Gait speed test: Gait speed tests are simple to use in practice and predict adverse effects associated with sarcopenia.[67] The "4-meter usual walking speed test" is practical and can be used to assess sarcopenia severity.[68][69] The test measures time taken for a patient to travel 4 meters at their usual walking pace. A speed of ≤0.8 m/s may be indicative of severe sarcopenia.[70]
Short physical performance battery (SPPB): The SPPB test is composed of 3 timed tasks: chair stand tests, standing balance, and walking speed. The minimal and maximal achievable scores are 0 (low performance) and 12 (high performance), respectively. A score of ≤8 is an indicator of poor physical performance and may be indicative of greater sarcopenia severity.[1][71]
Timed-up and go test (TUG): The TUG test observes the time taken for a patient to rise from a chair, walk 3 meters away from, and 3 meters back to the chair, terminating the test in a sitting position. Time ≥20 seconds is indicative of physical deficits, though the study used to support this recommendation failed to assess male populations and therefore, may only apply to elderly female populations.[72]
The 400-meter walk test: In the 400-meter walk test, a patient attempts to walk in a series of 20, 20-meter laps as quickly as possible, with a maximum of 2 minutes rest between each lap. The inability to complete or requiring ≥6 min to complete the entire 400-meters is concerning and may suggest greater sarcopenia severity.[1][73]

Treatment / Management

Physical activity, particularly resistance training, effectively attenuates muscle loss and improves strength in sarcopenia, providing a means of both preventing and managing the condition.[74][75] Additionally, increasing total protein intake through supplementation or food sources can help prevent and manage sarcopenia. Specifically, consuming 20-35 grams of protein per meal is advised, as such amounts provide sufficient amino acid content to maximize MPS, thus minimizing age-related muscle loss.[76] Additionally, patients with sarcopenia are recommended to consume 1.0 - 1.2 g/kg (body weight)/day.[77] Furthermore, the greatest effects are observed when resistance training and high protein diets are combined and appear to act synergistically.[78]

Differential Diagnosis

Considering the high probability that sarcopenia may co-exist with the below conditions and considering the overlap between conditions, an accurate differential diagnosis may be difficult.
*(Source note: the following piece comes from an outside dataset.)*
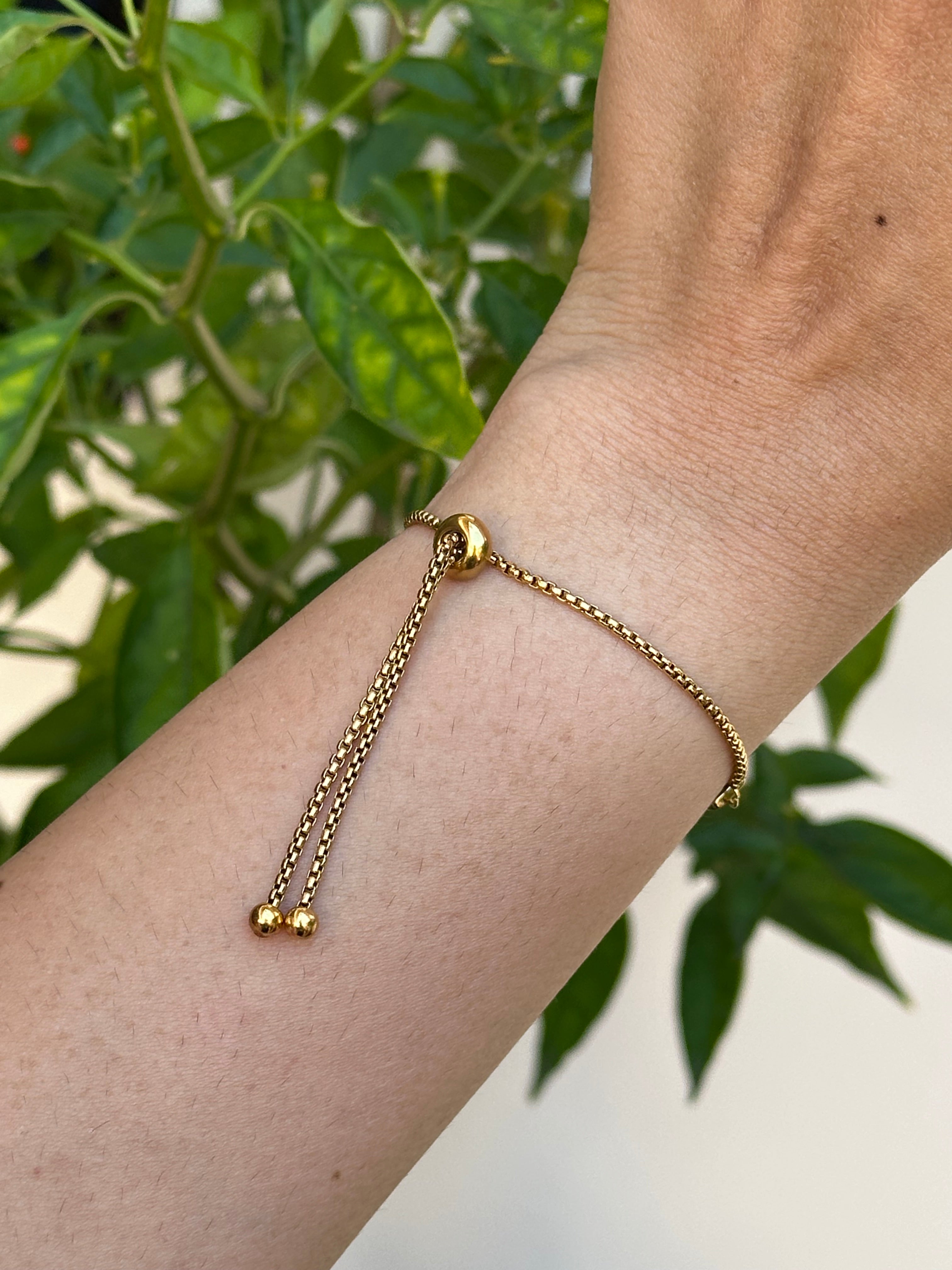 Pulsera con Placa y Corazón - Letras y/o Fotograbado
Frailty: While sarcopenia and frailty present with significant overlap of symptoms, they remain distinguishable. Frailty is defined as multi-system impairment and encompasses a broader range of dysfunction than sarcopenia, whereas sarcopenia mainly includes the musculoskeletal system. One condition may contribute directly to the other, as they often co-exist in elderly patients.[79][80]
Malnutrition: Both malnutrition and sarcopenia present with low muscle mass, though sarcopenia more often presents with the additional loss of function. Additionally, as a function of caloric restriction, reduced fat mass is observed in patients with malnutrition – this is often not the case with sarcopenia. Functional tests for strength and performance may be administered to rule out malnutrition.[1]
Cachexia: Cachexia is thought to have a more complex etiology than sarcopenia. Cachexia is described as severe weight loss and muscle-wasting associated with conditions such as HIV, cancer, and end-stage organ failure. While cachexia and sarcopenia may co-exist, a patient with severe muscle wasting diseases such as HIV or cancer is more likely to have cachexia. [81] Additionally, the Glasgow prognostic score can be utilized to distinguish the two conditions.[82]
Osteoarthritis of the hand: Patients with osteoarthritis of the hand may elicit a false positive test when performing the handgrip strength test. In cases where severe osteoarthritis is suspected, patients may perform methods to measure isometric torque of the lower limb to more accurately assess or rule out sarcopenia.[1][83]

Prognosis

The prognosis of sarcopenia largely depends on age, comorbidities, falls, and fractures. Additionally, patients who have sarcopenia undergoing surgical procedures have less favorable outcomes than those without sarcopenia. These include an increased risk of postoperative complications, falls, LOS, fractures, and greater morbidity and mortality. Ultimately, the prognosis of sarcopenia alone is uncertain and not well studied, though consistent evidence demonstrates sarcopenia as an indicator of poor prognosis in several medical conditions and surgical procedures.[84]

Complications

Fall, fracture, and nosocomial infection risk in the elderly: In a meta-analysis of 33 studies encompassing 45,926 patients, Yeung et al. found that sarcopenia significantly increases both fall and fracture risk in the elderly.[8] Additionally, sarcopenia increases the risk of nosocomial infection in elderly populations.[85]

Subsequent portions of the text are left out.